In the 1930s, at the same time communities in the South designated “whites only” spaces, the North imposed racial segregation by restricting public spaces to local residents in towns such as those along Connecticut’s Gold Coast, where housing policies effectively excluded blacks from taking up residence, Andrew W. Kahrl wrote in the May piece titled “The North’s Jim Crow.”
“While nearby urban black populations swelled and the demand for access to public places of recreation spiked, towns like Greenwich, Westport and Fairfield restricted their beaches to residents. It was obvious whom these were meant to exclude,” Kahrl said.
Although Gold Coast beaches are no longer restricted only to residents, Kahrl said de-facto segregation lives on through exclusionary beach prices for nonresidents, such as those at Westport’s Compo Beach.
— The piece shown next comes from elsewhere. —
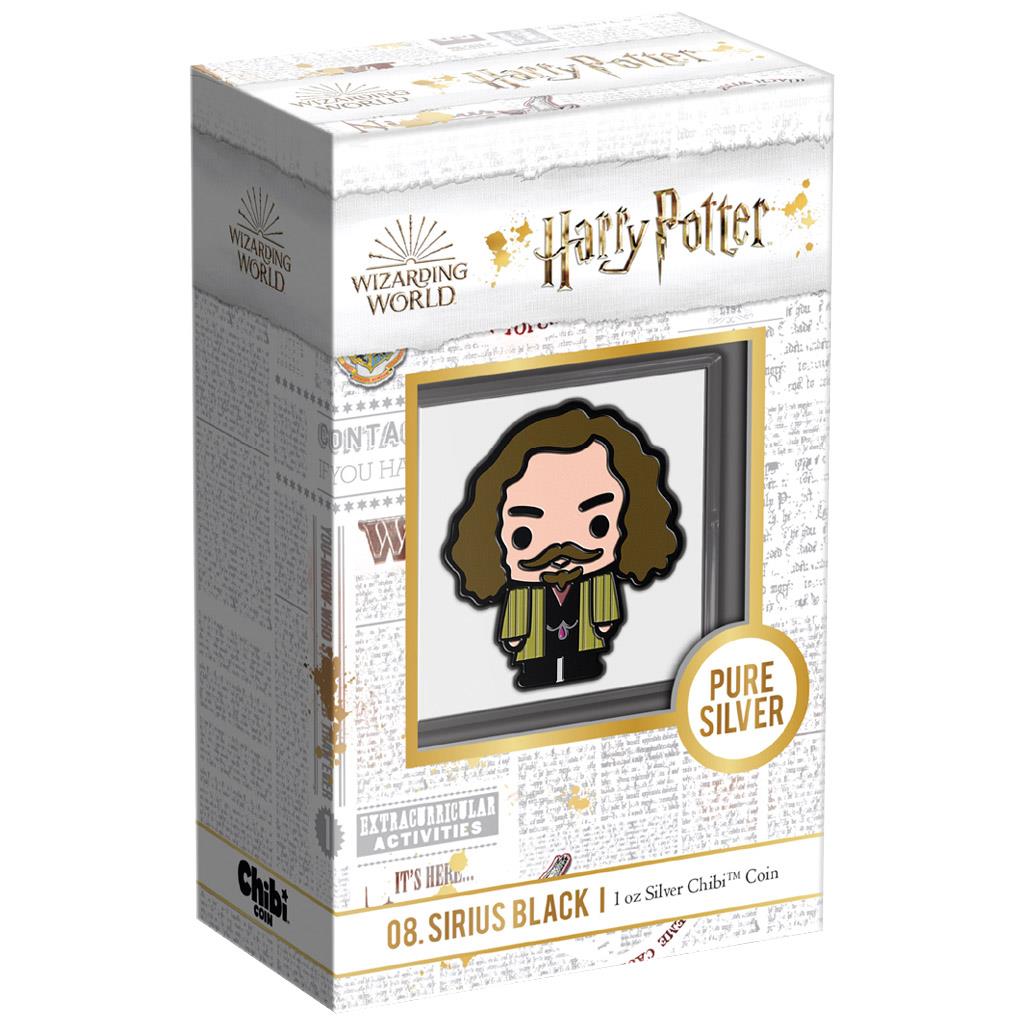 Niue 2021 $2 Chibi Harry Potter Sirius Black Shaped 1oz Silver Proof Coin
In response to Westport residents’ concerns about overcrowding, cleanliness and public behavior at Compo Beach, the town’s Board of Selectmen voted to raise the price of Compo parking passes for nonresidents from $490 in 2017 to $750 this year, while raising the seasonal parking pass price for residents from $40 to $60.
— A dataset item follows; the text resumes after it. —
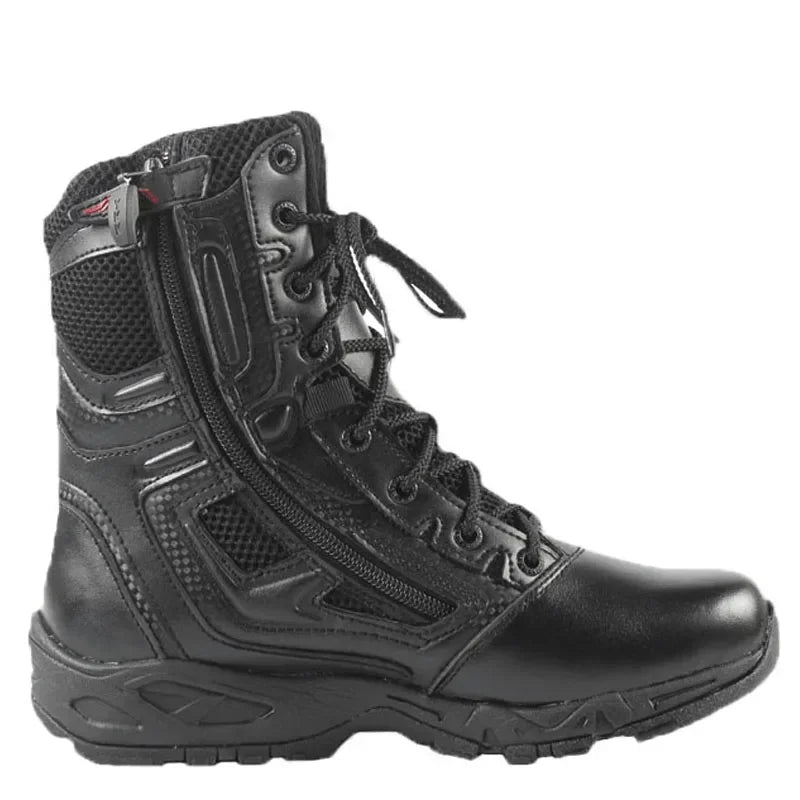 2025 Winter Tactical Boots Men Black Desert Safety Army Shoes Motorcycle Breathable Military Assault Combat Ankle Boots for Man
The board, upon recommendation from the Park and Recreation Commission, also voted to decrease the number of seasonal parking passes that can be sold to nonresidents from 600 last year to 350 this summer.
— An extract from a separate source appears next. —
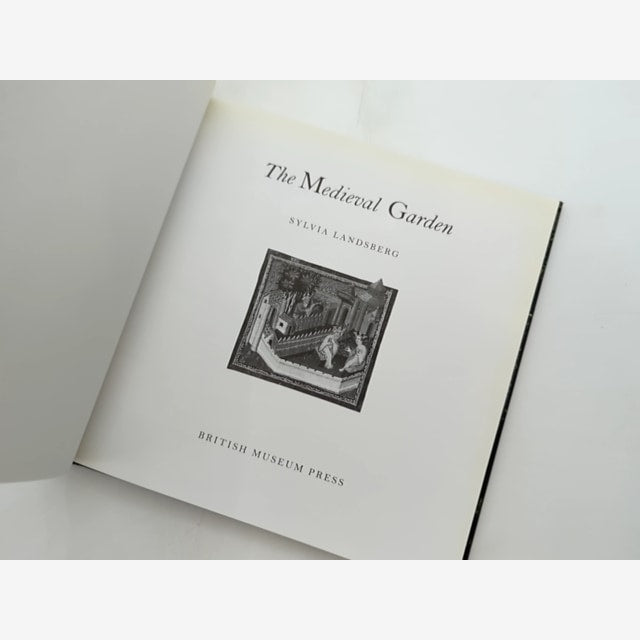 The Medieval Garden by Sylvia Landsberg (Hardcover) Herbs layouts measurements by Sylvia Landsberg — photo 4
“This whole tactic of making it more expensive for nonresidents is very much about economic exclusion and making it hard for a certain kind of person to get onto the beach,” Kahrl said of Westport’s beach policies. “Given the long history of segregation along the state shoreline and the history of racial exclusion, I think that to pretend a decision like this is only motivated by concerns about overcrowding is disingenuous at best and flies in the face of a long history of these same practices keeping poor minorities off their beaches.”
Westport resident Geralyn Breig and two of her neighbors — Leslie Gallant and Nick Sadler — this fall started the advocacy group Friends of Compo Beach, to push for policies to limit overcrowding at the beach. In 2017, several beaches in New York state closed due to environmental reasons and the 200-acre Sherwood Island State Park in Westport banned liquor, causing an influx of people at the 29-acre Compo Beach, Breig said, denying the claim her group’s policies were motivated by a desire to discriminate minorities from the beach.
“Plenty of people like the professor in the New York Times op-ed want to make this about race, but you can’t fit a crowd meant for 200 acres on a 29-acre park,” Breig said, noting anyone can walk on Compo without paying and the fees are only for beach parking.
“This is simply a crowd safety and environmental issue,” Sadler said of the group’s concerns.
No matter the concern for overcrowding, Kahrl said for Westport to impose the high price hikes for nonresidents is fundamentally discriminatory.
“You can’t have it both ways, and that’s what some of these liberal communities like Westport want. They want to have the liberal ideology and values associated with liberalism, but they also want to be exclusive and exclusionary and are very anti-liberal in that sense,” Kahrl said.